東京地方裁判所 昭和44年(ワ)8761号 判決
以下は、判例タイムズに掲載された記事をそのまま収録しています。オリジナルの判決文ではありません。
〔判決理由〕原告主張のような性質のいわゆる権利金は、賃料と異なり、地上権設定に当然伴う性質のものではないから、地上権の発生と同時に地上権者にその支払義務が生ずるものでないことはいうまでもない。
原告は、東京都においては、地上権を設立するときは、右のような性質のいわゆる権利金を支払う慣習があり、本件地上権設定においても、右権利金を支払うべきであると主張する。土地所有者に対し新たに借地権を設定する場合、借地権者は土地賃貸人に対しいわゆる権利金を支払うことが広く行われ、その例が多いことは一般に知られているところであるとしても、これが原告主張のように広く慣習として存在し、反対の意思表示のない限り当然これによつて律すべきものといいきることは疑問とせざるをえず、その存在が明らかであるとはいいがたい。
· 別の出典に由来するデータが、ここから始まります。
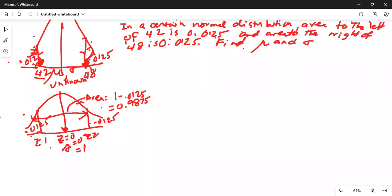In a certain normal distribution, the area to the left of 42, as shown on the diagram on the left, is 0.0125, and the area to the right of 48, as shown on the diagram, is 0.0125. Find mu and sigma. We translated the same information into a standard normal curve where the mean is z equal to 0 on the horizontal axis, and we have to find the two unknowns z1 and z2 such that the area in the left tail is 0.0125 and the area in the right tail to the right of z2 is 0.0125.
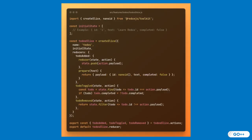This Redux slice encapsulates all logic for managing the TodoList state. It uses Redux Toolkit's createSlice for concise, readable state management. The initial state is an empty array of to-dos. The reducers handle adding to-dos with unique IDs, toggling their completion status, and removing them. The prepare callback enables payload shaping for new to-dos, and the use of Immer allows mutable-like syntax within reducers. This file is the central logic hub for the to-do feature, ensuring modularity and testability.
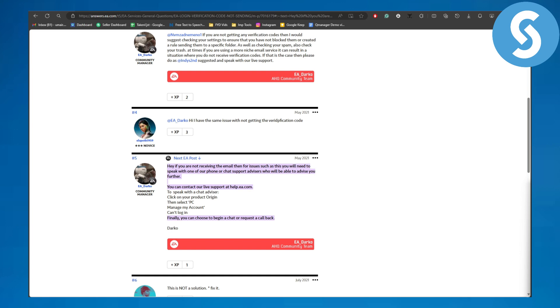To speak with a chat advisor, you can click on the product Origin, then select PC and Manage My Account, and then Can't Log In. Finally, you can choose begin a chat or request a callback.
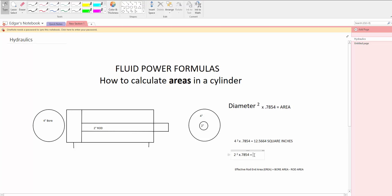Now then you go back to the rod and you look at the rod. The rod is a 2 inch rod. You have 2 squared times 0.7854. And that is equal to,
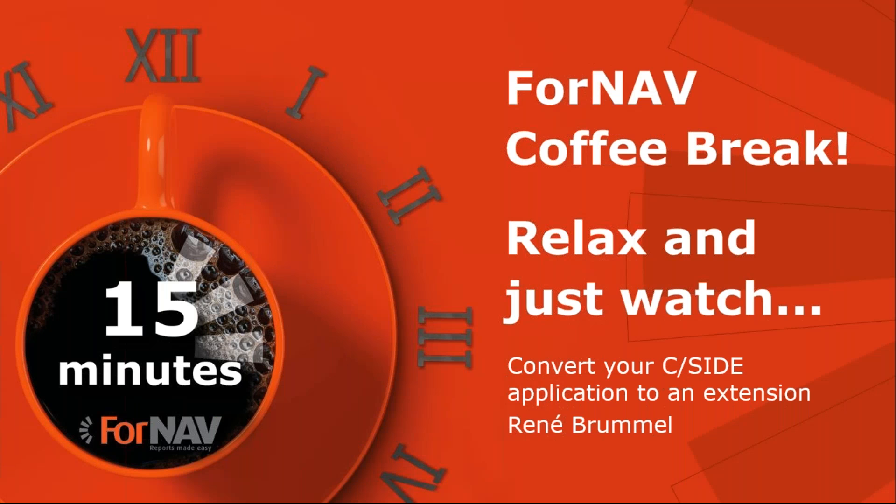Hi and welcome to this ForNAV coffee break. My name is René Bremol, I'm a product specialist at ForNAV and I will be your presenter today. As this coffee break is live, you can ask your questions in the GoToWebinar question window and we will answer them at the end of the coffee break.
たとい、右のような慣習があり、本件のような法定地上権の設定についても、反対の意思表示のない限り(本件のような競落による場合、買受の意思表示は定型化されており、これに属しない特別の意思表示をすることは予定されていないから、本来この点も通常の権利の場合と同一には論じえない)、これに従うと解しても、その具体的金額を定める要素は極めて多様であつて、定型的に定まるものでもなく、又原告主張のような方式又はその他の方式によつてこれを定める明らかな基準があるわけではなく、もつぱら当事者の協議によつて右の諸要素を斟酌して自由に形成さるべきものである。したがつて、当事者間にその協議が調わない場合は、いまだ給付金額が定まらず、給付請求はなしえない筋合である。又地代の場合における民法第三八八条のように裁判所が後見的、監督的に当事者に代つて形成することができるとする法律上の規定もないから、これによつて金額の確定を求めるべきものでもない。その他これを求める根拠は見当らない。